Between the line containing "Лесхозы к новогодним" and the line containing "Silver Family Forever" lies a run of lines; give that run again exactly, with both of those lines, and nothing else from the entries below.
***** Extracted records *****
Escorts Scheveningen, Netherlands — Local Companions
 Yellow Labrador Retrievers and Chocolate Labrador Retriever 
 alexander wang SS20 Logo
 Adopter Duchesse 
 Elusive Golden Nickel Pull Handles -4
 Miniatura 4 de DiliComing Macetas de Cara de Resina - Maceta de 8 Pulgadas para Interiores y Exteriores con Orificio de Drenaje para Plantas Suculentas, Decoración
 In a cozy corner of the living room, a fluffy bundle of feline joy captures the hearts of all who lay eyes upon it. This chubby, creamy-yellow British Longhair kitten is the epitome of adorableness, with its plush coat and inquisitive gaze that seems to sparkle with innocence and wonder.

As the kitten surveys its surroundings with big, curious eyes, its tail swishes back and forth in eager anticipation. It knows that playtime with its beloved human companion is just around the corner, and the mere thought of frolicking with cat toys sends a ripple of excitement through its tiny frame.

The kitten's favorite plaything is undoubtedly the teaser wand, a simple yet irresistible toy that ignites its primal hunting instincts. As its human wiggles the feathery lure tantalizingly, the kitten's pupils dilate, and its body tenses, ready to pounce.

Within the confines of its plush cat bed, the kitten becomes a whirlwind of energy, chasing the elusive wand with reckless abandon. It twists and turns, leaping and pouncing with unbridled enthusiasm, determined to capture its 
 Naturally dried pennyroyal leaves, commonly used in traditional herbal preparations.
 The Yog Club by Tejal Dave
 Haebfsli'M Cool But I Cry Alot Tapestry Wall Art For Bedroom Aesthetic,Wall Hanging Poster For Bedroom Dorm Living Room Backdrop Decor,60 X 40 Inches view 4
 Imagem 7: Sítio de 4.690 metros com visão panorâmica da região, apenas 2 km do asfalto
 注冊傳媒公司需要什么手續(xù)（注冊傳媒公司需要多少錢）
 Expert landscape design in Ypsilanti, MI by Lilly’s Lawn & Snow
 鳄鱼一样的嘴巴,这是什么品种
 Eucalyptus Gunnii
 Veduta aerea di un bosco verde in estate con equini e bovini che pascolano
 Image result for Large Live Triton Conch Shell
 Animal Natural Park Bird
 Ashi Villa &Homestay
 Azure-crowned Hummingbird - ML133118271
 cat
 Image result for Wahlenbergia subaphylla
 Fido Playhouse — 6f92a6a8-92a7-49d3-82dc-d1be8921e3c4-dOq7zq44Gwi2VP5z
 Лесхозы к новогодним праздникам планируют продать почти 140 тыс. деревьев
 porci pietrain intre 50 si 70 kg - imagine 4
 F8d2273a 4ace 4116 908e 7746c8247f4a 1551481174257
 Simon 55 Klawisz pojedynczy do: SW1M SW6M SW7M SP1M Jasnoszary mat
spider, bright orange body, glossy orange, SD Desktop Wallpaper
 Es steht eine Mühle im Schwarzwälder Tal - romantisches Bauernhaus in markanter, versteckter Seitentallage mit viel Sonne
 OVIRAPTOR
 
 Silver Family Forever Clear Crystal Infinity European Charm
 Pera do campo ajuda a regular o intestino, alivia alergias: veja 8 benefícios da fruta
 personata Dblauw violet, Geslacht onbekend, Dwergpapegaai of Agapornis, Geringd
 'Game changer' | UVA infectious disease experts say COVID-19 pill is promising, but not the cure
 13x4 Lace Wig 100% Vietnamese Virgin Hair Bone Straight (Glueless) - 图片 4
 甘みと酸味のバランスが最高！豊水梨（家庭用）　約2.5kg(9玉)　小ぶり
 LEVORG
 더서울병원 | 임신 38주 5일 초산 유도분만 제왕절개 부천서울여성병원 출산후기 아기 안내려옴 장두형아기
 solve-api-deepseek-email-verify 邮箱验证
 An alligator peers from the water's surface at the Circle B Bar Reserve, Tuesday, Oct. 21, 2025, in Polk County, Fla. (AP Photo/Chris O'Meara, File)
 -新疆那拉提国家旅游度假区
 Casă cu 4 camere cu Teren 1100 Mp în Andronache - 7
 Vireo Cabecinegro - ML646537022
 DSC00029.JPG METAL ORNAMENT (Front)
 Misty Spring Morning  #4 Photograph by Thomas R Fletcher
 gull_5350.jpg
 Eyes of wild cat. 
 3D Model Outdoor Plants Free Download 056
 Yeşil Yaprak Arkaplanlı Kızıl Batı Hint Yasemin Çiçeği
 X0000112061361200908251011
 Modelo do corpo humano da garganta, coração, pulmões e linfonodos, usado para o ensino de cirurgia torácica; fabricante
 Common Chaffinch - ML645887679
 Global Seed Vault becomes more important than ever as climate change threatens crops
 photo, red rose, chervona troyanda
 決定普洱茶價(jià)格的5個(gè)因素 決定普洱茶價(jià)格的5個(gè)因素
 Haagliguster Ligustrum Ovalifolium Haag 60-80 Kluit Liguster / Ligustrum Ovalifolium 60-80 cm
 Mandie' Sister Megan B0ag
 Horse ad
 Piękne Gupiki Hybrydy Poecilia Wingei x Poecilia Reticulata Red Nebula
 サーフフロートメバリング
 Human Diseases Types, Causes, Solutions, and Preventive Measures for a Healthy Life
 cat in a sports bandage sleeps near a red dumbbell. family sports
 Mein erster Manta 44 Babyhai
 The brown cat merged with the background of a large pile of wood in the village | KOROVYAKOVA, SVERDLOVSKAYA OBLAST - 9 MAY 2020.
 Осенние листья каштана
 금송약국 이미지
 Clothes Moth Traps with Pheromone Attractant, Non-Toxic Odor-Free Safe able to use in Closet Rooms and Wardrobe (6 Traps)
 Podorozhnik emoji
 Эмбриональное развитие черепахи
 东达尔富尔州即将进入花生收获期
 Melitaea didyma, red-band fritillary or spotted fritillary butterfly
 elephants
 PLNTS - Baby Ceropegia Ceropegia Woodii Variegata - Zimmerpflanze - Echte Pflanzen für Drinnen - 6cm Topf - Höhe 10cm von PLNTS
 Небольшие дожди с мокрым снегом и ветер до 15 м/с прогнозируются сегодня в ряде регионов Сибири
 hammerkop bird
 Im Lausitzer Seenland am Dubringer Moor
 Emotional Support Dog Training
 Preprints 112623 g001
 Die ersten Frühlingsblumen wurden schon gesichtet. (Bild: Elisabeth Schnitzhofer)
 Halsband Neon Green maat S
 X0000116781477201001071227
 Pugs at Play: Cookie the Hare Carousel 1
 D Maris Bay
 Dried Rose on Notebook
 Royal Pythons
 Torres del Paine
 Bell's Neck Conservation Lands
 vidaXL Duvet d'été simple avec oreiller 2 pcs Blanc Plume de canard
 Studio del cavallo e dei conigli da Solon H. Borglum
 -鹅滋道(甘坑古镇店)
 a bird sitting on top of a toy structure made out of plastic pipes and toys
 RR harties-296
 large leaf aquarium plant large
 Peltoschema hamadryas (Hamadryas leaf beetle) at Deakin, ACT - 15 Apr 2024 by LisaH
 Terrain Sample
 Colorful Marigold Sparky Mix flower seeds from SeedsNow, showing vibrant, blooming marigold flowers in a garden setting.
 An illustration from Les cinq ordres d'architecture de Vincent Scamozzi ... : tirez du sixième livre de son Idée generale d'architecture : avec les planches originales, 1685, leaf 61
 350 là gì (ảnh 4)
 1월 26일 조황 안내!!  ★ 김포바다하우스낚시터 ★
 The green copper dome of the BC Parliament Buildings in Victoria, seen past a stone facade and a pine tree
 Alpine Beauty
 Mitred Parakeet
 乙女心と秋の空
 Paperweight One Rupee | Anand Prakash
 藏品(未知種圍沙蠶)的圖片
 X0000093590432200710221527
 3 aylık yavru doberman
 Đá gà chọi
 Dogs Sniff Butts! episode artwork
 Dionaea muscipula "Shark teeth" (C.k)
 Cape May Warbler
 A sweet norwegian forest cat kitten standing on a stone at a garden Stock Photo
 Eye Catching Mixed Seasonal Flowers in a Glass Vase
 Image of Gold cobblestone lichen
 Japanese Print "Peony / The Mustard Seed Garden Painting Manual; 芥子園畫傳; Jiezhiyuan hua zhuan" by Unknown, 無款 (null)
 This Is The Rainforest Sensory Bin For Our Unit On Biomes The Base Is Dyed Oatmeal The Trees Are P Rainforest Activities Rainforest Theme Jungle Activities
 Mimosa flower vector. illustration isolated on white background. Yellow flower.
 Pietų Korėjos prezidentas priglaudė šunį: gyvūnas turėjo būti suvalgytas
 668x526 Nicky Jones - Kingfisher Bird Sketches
*****
Output below:
 Лесхозы к новогодним праздникам планируют продать почти 140 тыс. деревьев
 porci pietrain intre 50 si 70 kg - imagine 4
 F8d2273a 4ace 4116 908e 7746c8247f4a 1551481174257
 Simon 55 Klawisz pojedynczy do: SW1M SW6M SW7M SP1M Jasnoszary mat
spider, bright orange body, glossy orange, SD Desktop Wallpaper
 Es steht eine Mühle im Schwarzwälder Tal - romantisches Bauernhaus in markanter, versteckter Seitentallage mit viel Sonne
 OVIRAPTOR
 
 Silver Family Forever Clear Crystal Infinity European Charm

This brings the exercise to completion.